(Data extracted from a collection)
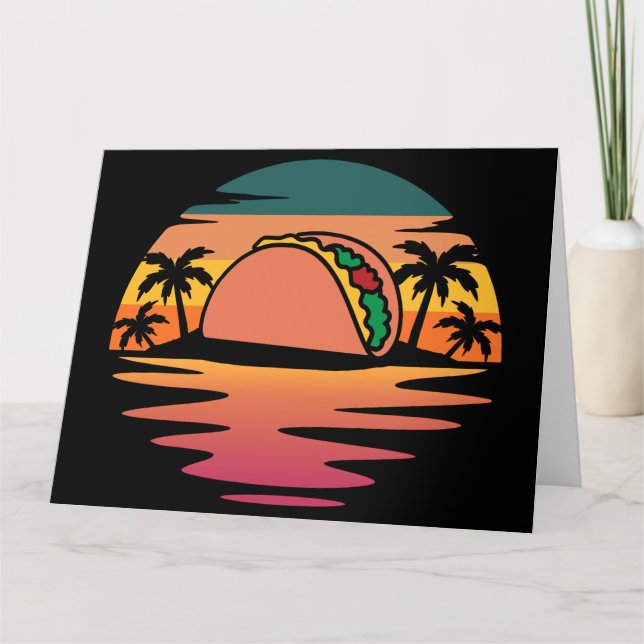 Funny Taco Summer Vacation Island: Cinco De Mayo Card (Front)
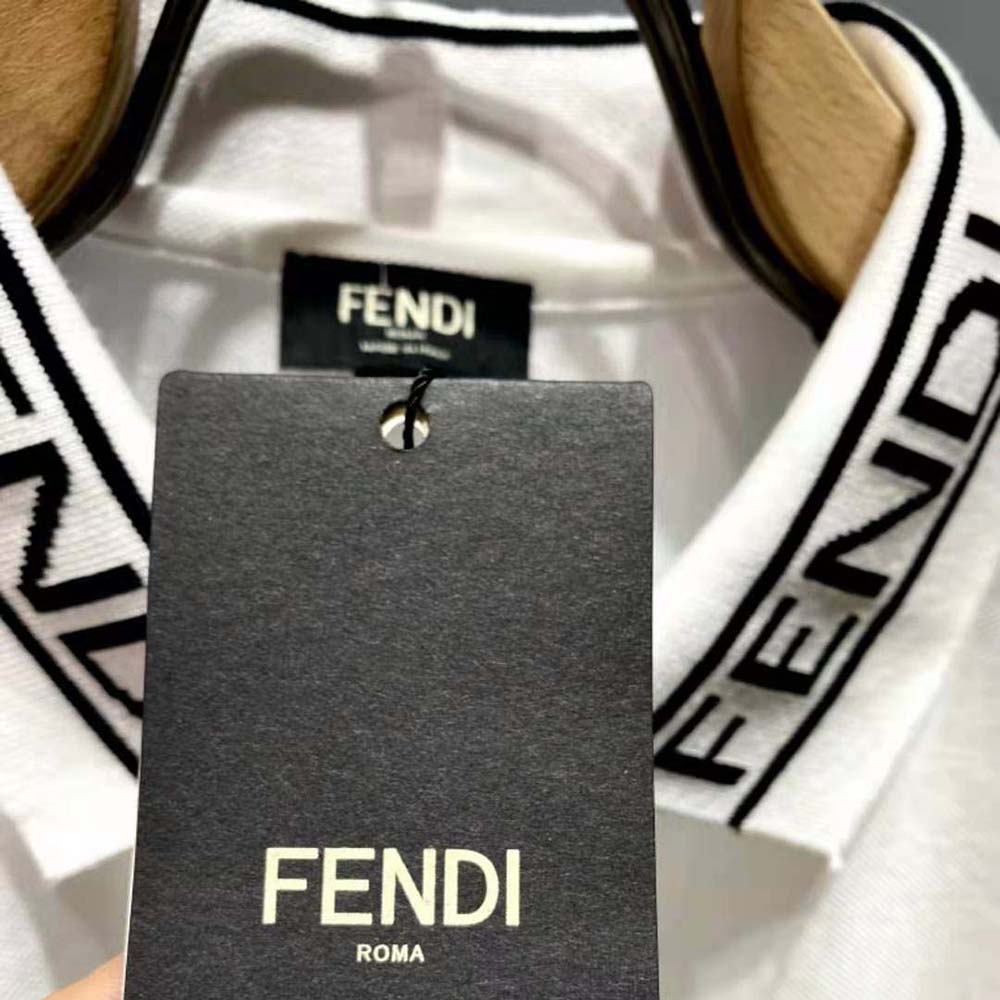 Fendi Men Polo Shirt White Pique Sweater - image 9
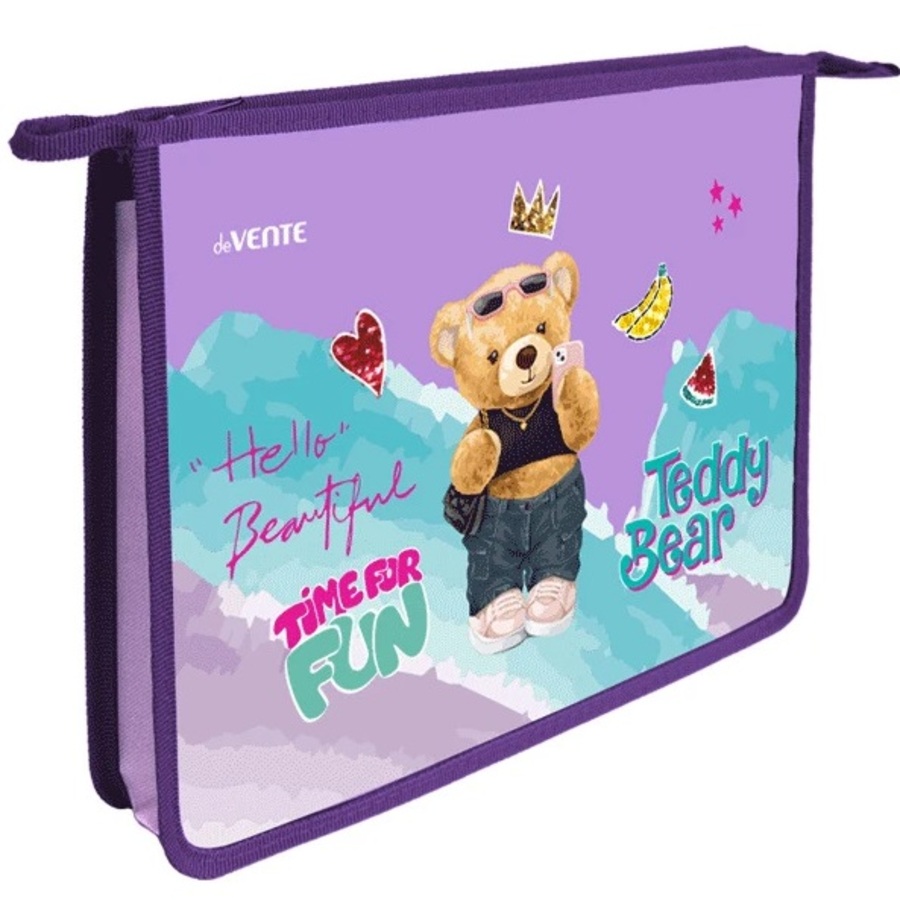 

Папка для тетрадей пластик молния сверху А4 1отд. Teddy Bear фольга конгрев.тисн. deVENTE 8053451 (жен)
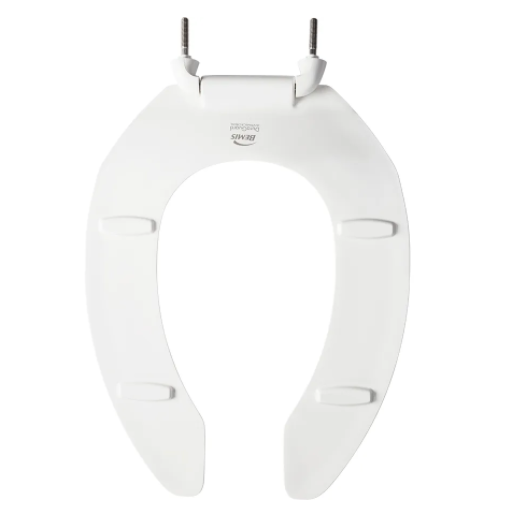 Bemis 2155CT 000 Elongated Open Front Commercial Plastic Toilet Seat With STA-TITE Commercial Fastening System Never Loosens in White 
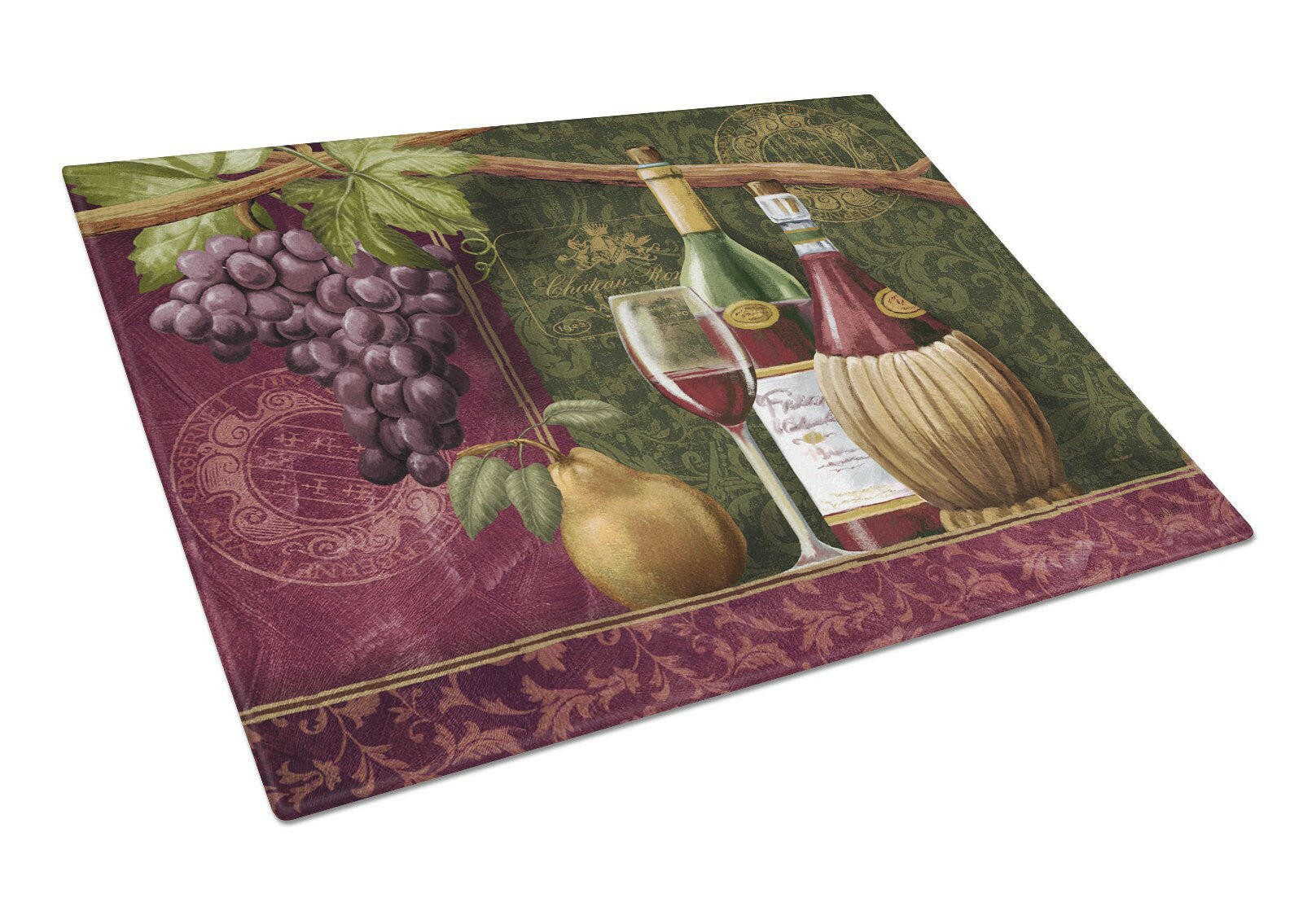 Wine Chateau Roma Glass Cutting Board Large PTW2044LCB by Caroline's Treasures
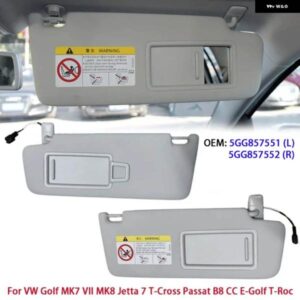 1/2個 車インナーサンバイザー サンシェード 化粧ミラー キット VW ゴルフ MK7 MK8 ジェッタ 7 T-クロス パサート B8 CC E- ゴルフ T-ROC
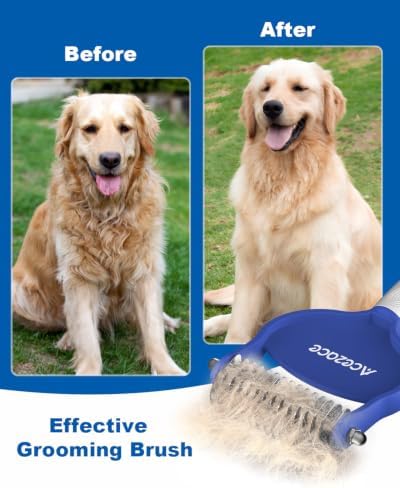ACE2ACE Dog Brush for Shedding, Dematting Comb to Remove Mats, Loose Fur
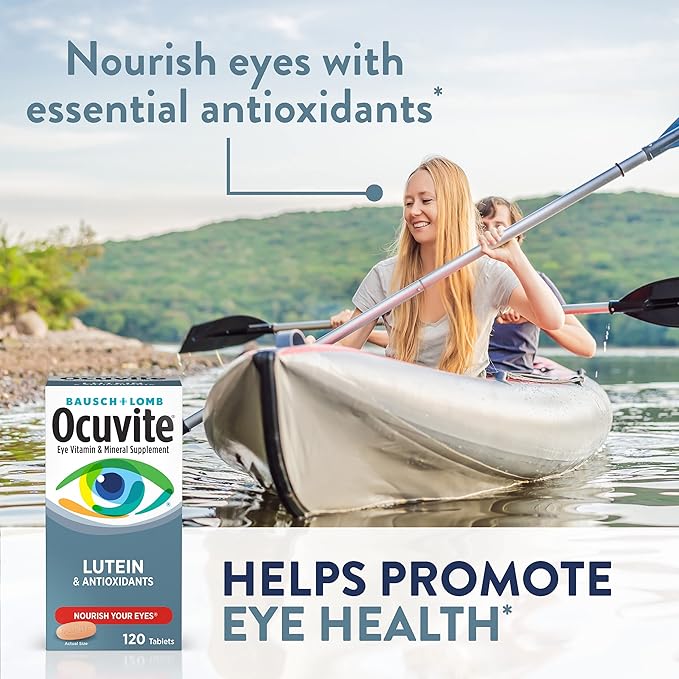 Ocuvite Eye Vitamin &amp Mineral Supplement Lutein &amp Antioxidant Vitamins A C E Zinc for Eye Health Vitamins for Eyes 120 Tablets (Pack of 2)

- What is needed: Copy exactly the lines that run from the one containing "Fendi Men Polo" to the last line of the records, both included, and leave out every picture.

- Response area:
 Fendi Men Polo Shirt White Pique Sweater - image 9

Папка для тетрадей пластик молния сверху А4 1отд. Teddy Bear фольга конгрев.тисн. deVENTE 8053451 (жен)
 Bemis 2155CT 000 Elongated Open Front Commercial Plastic Toilet Seat With STA-TITE Commercial Fastening System Never Loosens in White 
 Wine Chateau Roma Glass Cutting Board Large PTW2044LCB by Caroline's Treasures
 1/2個 車インナーサンバイザー サンシェード 化粧ミラー キット VW ゴルフ MK7 MK8 ジェッタ 7 T-クロス パサート B8 CC E- ゴルフ T-ROC
ACE2ACE Dog Brush for Shedding, Dematting Comb to Remove Mats, Loose Fur
 Ocuvite Eye Vitamin &amp Mineral Supplement Lutein &amp Antioxidant Vitamins A C E Zinc for Eye Health Vitamins for Eyes 120 Tablets (Pack of 2)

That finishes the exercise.